# Looked what happened whilst you were out!



## Deefer (Jun 15, 2011)

We think Deefer's snuggle pillow attacked him whilst we were out and he defended his station really well. The pillow is no more and Deef knows all the bits are in the bin (he had a little whine! whilst staring at his face in the refection.) The person who left the pillow with him has not been found so we think it must have been "Mr. Twasn't Me". Off to go shopping for a replacement today!

Sue


----------



## caradunne (Nov 29, 2010)

Such a cheeky chappy!


----------



## curt3007 (May 28, 2011)

that so made me smile


----------



## Pepster (Jul 22, 2011)

Ha ha  Deefer really does look like he's saying "look what happened," lol


----------



## Julie Clark (Sep 8, 2011)

I'm glad Deefer defended himself so well.... naughty snuggle pillow!

Fab picture, made me chuckle out loud.


----------



## S.Claire (Sep 1, 2011)

Fantastic! What a naughty boy. With faces like that, you could just never be mad. This has brought a smile to my face on a Friday morning!


----------



## Deefer (Jun 15, 2011)

How could we have been cross -- he looked so put out! Think there is a small part of regret in him today - he just looked in his toy box (which he is able to tip up and empty in a just a couple of seconds !) and gave me a "where is the pillow gone?". Bless him


----------



## Cockapoodledoo (Feb 8, 2011)

Ha ha! That photo is definitely a keeper! Thanks for posting. 

Karen x


----------



## Laura(L)Izzie (Sep 9, 2011)

That photo is great  He does look like he's telling you he's done nothing wrong  That guilty little puppy face  Haha. x


----------



## M&M's mummy (Jul 12, 2011)

awww you just can't be angry with them can you?

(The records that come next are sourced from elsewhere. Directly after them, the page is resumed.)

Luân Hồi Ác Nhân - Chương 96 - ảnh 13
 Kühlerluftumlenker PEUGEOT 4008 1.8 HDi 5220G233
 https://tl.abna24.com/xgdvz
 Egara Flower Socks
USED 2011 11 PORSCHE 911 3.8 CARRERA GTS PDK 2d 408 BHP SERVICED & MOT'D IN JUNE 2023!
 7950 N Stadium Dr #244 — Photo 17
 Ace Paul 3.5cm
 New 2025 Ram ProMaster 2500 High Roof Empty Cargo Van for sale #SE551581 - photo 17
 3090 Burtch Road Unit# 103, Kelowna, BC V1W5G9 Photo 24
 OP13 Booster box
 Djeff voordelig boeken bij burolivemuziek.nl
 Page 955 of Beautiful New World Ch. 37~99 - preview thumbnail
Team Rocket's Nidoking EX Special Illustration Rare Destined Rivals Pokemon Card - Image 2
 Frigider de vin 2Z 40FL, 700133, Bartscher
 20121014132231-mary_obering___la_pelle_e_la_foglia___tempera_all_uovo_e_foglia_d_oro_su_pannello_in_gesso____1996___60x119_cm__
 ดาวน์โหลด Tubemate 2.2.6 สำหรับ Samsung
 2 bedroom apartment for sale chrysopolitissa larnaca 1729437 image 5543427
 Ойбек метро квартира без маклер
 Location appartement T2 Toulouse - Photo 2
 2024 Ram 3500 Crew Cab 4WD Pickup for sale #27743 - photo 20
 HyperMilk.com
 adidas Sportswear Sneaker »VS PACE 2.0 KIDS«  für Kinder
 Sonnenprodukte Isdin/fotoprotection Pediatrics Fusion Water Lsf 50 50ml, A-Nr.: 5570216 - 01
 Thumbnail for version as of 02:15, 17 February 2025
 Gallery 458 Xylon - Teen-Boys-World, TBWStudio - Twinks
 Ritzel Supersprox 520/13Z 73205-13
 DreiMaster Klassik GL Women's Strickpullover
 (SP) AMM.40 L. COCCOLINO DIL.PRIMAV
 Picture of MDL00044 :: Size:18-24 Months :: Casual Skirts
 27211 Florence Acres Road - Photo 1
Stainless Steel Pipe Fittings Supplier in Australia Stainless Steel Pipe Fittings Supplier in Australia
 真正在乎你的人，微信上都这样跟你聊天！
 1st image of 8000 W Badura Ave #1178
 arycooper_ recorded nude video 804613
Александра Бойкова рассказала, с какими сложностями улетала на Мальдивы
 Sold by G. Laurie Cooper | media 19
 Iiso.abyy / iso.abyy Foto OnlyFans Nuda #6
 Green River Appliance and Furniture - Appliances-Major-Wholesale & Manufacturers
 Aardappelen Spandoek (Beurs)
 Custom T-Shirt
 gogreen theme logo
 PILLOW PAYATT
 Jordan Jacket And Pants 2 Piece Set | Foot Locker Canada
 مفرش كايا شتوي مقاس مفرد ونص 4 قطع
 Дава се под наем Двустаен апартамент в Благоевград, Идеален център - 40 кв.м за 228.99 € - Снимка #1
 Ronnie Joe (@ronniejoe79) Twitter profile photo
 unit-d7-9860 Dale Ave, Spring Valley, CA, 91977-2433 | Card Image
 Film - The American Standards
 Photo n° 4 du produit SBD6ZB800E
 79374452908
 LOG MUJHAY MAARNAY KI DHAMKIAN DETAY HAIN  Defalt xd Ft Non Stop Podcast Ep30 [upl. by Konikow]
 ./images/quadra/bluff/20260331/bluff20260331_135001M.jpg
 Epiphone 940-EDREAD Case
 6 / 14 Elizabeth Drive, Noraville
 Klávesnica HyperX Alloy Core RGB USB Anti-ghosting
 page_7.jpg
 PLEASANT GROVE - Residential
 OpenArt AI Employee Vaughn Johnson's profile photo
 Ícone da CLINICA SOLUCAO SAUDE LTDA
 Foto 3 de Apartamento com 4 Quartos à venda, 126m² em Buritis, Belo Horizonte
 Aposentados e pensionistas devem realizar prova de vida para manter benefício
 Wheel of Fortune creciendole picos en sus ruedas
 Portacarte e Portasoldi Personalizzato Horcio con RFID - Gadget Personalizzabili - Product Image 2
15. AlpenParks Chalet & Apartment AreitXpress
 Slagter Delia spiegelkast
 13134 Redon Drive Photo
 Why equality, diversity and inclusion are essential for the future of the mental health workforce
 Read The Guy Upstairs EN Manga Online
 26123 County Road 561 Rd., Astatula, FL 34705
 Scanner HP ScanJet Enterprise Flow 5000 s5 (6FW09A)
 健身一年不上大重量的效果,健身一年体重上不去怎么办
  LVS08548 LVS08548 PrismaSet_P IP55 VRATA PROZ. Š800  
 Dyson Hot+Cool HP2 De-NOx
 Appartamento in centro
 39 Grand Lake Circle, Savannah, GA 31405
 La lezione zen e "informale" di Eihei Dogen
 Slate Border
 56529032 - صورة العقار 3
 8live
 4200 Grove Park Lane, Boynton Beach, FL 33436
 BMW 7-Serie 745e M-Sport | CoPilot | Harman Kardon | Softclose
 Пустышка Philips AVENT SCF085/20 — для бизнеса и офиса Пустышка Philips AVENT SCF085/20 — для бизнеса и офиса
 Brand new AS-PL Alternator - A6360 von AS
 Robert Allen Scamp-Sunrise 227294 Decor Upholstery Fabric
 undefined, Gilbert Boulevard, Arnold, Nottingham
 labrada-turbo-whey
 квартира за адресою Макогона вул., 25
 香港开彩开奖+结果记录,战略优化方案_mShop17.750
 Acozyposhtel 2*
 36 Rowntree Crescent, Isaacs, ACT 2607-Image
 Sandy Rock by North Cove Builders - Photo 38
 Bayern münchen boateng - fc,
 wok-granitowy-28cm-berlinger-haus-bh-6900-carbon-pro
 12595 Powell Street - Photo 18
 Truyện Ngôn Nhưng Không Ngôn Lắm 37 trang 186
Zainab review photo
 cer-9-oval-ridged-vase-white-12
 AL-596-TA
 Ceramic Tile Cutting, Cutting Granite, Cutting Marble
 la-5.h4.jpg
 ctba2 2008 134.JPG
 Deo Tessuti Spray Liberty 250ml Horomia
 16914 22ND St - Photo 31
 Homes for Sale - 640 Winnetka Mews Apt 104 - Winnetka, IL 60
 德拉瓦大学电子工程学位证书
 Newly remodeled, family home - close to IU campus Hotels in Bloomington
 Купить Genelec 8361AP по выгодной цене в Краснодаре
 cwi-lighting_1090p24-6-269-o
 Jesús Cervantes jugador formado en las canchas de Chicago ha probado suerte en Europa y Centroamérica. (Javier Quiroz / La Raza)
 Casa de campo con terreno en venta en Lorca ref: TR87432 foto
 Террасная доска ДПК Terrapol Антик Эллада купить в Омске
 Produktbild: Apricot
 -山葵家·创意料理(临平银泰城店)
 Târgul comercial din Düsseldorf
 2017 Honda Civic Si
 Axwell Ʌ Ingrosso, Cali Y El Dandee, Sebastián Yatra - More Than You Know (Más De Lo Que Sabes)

Bless him- but he had loads of fun ripping the stuffing out of it!!


----------



## EG1 (May 14, 2011)

Rampant snuggle pillows can be very scary - well done Deefer for fighting it off! xx


----------



## Greenleys19 (Aug 30, 2011)

Love it! This made us laugh soooo much


----------



## Deefer (Jun 15, 2011)

I have succumbed today and bought him yet another toy with the claim to be "indestructable"! Not holding out any hopes...


----------



## Guest (Oct 14, 2011)

haha made me laugh cheeky boy janice


----------



## Jedicrazy (Apr 26, 2011)

Deefer 1 - Snuggle Pillow 0 

:laugh::first:


----------



## lady amanda (Nov 26, 2010)

HAHAHAHHAHAHA OH MY GOODNESS!!!
That is hillarious....poor pillow!!! I bet he had a blast doing it!!


----------